(Records from a data collection)
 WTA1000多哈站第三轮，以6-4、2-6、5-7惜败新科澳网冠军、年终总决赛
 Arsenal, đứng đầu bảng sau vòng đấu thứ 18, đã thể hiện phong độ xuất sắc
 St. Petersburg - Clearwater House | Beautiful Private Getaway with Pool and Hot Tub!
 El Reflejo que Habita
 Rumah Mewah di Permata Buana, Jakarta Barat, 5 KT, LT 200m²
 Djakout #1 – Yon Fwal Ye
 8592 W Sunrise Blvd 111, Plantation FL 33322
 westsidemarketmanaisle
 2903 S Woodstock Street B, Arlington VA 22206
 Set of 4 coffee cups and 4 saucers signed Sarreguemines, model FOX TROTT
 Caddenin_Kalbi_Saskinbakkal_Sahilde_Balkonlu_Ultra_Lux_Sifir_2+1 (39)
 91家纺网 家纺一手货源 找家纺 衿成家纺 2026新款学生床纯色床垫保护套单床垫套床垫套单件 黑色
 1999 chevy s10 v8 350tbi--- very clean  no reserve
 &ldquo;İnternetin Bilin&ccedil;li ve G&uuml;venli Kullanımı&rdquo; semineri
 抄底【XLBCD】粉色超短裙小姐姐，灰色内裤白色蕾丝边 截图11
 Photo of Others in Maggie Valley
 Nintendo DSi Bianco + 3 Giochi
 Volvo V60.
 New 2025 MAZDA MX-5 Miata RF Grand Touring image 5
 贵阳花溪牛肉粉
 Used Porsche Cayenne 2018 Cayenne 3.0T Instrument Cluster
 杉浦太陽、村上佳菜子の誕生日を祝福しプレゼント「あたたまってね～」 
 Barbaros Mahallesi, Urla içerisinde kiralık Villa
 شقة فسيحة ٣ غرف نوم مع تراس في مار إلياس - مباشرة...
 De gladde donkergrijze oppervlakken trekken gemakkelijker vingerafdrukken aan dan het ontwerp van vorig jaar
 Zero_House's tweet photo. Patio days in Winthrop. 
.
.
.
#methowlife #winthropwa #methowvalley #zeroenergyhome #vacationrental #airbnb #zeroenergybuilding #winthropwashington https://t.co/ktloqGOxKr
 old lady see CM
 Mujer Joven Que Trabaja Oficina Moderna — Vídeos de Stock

= What the task requires =
Return, unchanged, the run of lines above that opens with the line containing "Arsenal, đứng đầu" and closes with the line containing "Photo of Others in Maggie Valley". Include both.

= Exercise answer =
 Arsenal, đứng đầu bảng sau vòng đấu thứ 18, đã thể hiện phong độ xuất sắc
 St. Petersburg - Clearwater House | Beautiful Private Getaway with Pool and Hot Tub!
 El Reflejo que Habita
 Rumah Mewah di Permata Buana, Jakarta Barat, 5 KT, LT 200m²
 Djakout #1 – Yon Fwal Ye
 8592 W Sunrise Blvd 111, Plantation FL 33322
 westsidemarketmanaisle
 2903 S Woodstock Street B, Arlington VA 22206
 Set of 4 coffee cups and 4 saucers signed Sarreguemines, model FOX TROTT
 Caddenin_Kalbi_Saskinbakkal_Sahilde_Balkonlu_Ultra_Lux_Sifir_2+1 (39)
 91家纺网 家纺一手货源 找家纺 衿成家纺 2026新款学生床纯色床垫保护套单床垫套床垫套单件 黑色
 1999 chevy s10 v8 350tbi--- very clean  no reserve
 &ldquo;İnternetin Bilin&ccedil;li ve G&uuml;venli Kullanımı&rdquo; semineri
 抄底【XLBCD】粉色超短裙小姐姐，灰色内裤白色蕾丝边 截图11
 Photo of Others in Maggie Valley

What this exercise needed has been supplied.